With banks offering easy credit, return of capital in deposits is not assured.

Thanks Peri, I'm looking for something guaranteed and under 1yr terms - please tell me what is ?

Government bonds have the guarantee of the NZ government, that is as good as I can suggest.

Less than 1yr was my question Peri - there are none really

Your broker might be able to get his hands on NZ Government Bonds for you in the secondary market. The maturity date doesn't really matter as you can sell them back into the secondary market whenever you wish ( holding them for less than the year you are looking for) - at the prevailing market price, of course.

bw - but then I'm taking an undue interest rate risk in what I think is going to be an interest rate bear market for quite some time. Yes, the left over year of a longer-dated bond with a maturity date now less than 1yr would be fine, but try and find that. No, bank deposit are realistically the most riskless "investment" out there, but clearly not without a small degree of risk which every investment should have

Any way of finding a graph comparing term deposits vs inflation, i.e net interest over the years??

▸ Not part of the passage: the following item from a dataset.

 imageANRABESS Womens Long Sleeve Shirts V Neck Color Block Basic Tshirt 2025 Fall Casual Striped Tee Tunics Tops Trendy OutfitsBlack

Some of the term deposit rates need to be looked at in depth, a number of banks now are offering longer terms, with interest paid at maturity. So what that means you are paying the banks every month to invest your money, as they will invest and receive monthly credits, at the maturity they will pay you at the initial rate, but you have missed out on the interest you should have received from monthly credits, some offer over 4% for 2 or3 years, it doesn't take a mathematician to work out you are loosing money.

Does anyone show which banks do that? eg Does interest.co.nz show which banks will compound it monthly? It seems most banks just pay it at the end of the term.